Problem to work on -
Copy each line below exactly and leave the pictures out.

Dataset content -
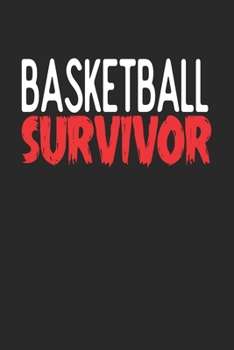 Paperback Basketball Survivor: 6x9 - notebook - 120 pages - lined Book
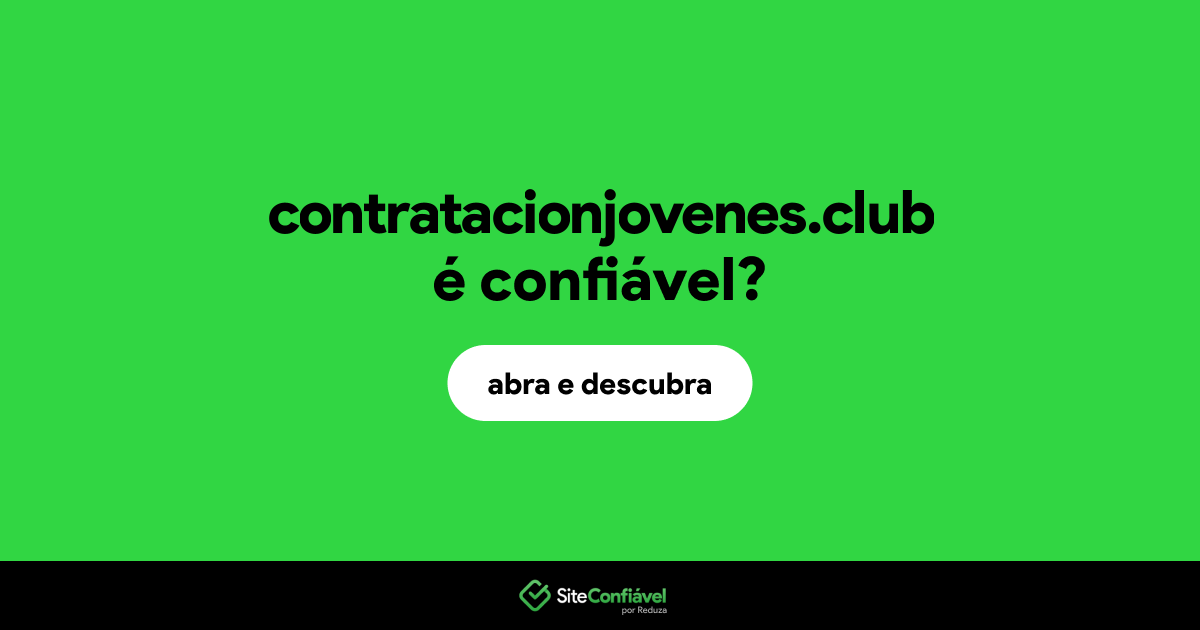 O site contratacionjovenes.club é confiável?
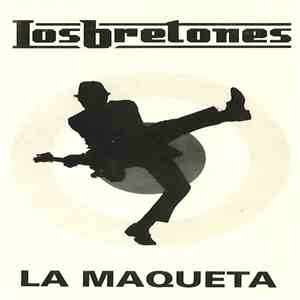 Los Bretones - La Maqueta flac album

Reply -
 Paperback Basketball Survivor: 6x9 - notebook - 120 pages - lined Book
 O site contratacionjovenes.club é confiável?
 Los Bretones - La Maqueta flac album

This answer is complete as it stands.